Lucy Goodchild van Hilten, 22nd March 2021

In many parts of the world, water is taken for granted. Turn on a tap and it appears – clear, clean, trustworthy – whenever it’s needed. But this isn’t the case everywhere. Although decades of global efforts to ensure people have access to clean and safe water and sanitation have improved the situation somewhat, as of 2017, 2.2 billion people still lacked access to safely managed drinking water.

There is a global effort to improve access to clean water and sanitation through the UN Sustainable Development Goals – specifically Goal 6: Ensure availability and sustainable management of water and sanitation for all. This requires a multidisciplinary approach, bringing together social research and technological innovation.

It also requires an understanding of our relationship to water. This year’s World Water Day, on 22 March 2021, is on the theme of valuing water – it asks us to consider the value of water to us personally and share it on social media through #Water2me. Recognizing our different experiences helps us develop better ways to tackle the issue of access to water.

Water borrowing as a coping mechanism

For the first time, researchers have systematically studied an invisible practice that is ubiquitous around the world: water borrowing. When there is no direct water supply, or when that supply is unreliable, people often borrow water from other households. This provides them with water and its benefits in the short term, but relying on social constructs like these, especially without understanding them, will not help us tackle the larger structural issue of water access.

Professor Asher Rosinger at Penn State College of Health and Human Development and his colleagues studied water borrowing in communities with water problems across five continents. Prof. Rosinger said: “Many communities in low- and middle-income countries have to meet their water needs outside of formal institutional provisions of water.

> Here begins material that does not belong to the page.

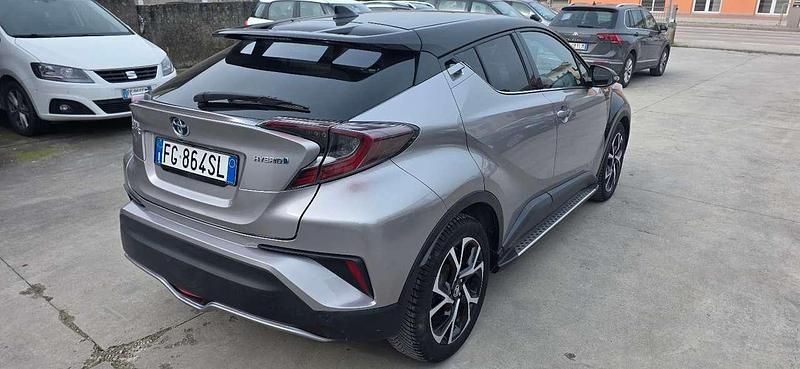 Usata Toyota C-HR Style 98 CV (72 kW) 2017 Bicolore grigio e nero SUV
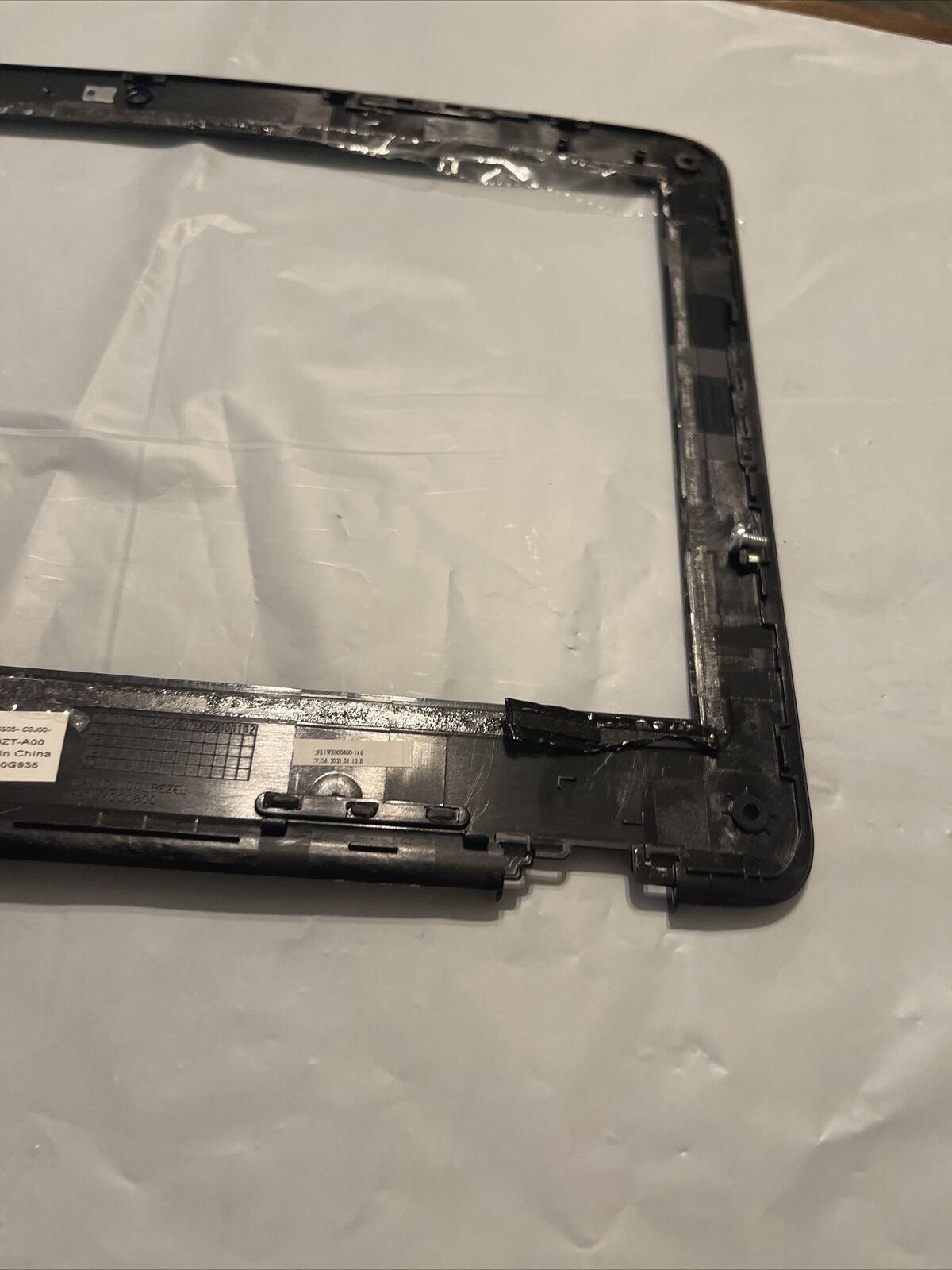 GENUINE Dell Latitude 3190 11.6" Front Trim LCD Bezel 0G935 0G935C 00G935 N4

We wanted to understand how different factors related to institutional failures predict the adaptive coping strategy of water borrowing.”

Read the study: Water borrowing is consistently practiced globally and is associated with water-related system failures across diverse environments

Using data from the Household Water Insecurity Experiences (HWISE) study, the team looked at about 5,500 households at 21 sites in 19 low and middle income countries around the world to determine how prevalent water borrowing is. They found that it is a universal practice: every site had some level of water borrowing, with between 11 and 85 percent of households reporting that they borrowed water in the last month.

The research also revealed that the more water-related failures there are, the higher the probability of water borrowing being used as a coping mechanism. “We see that these household-to-household transfers of water are happening. But that doesn’t mean that institutions should shirk their responsibility to provide water,” Prof. Rosinger said.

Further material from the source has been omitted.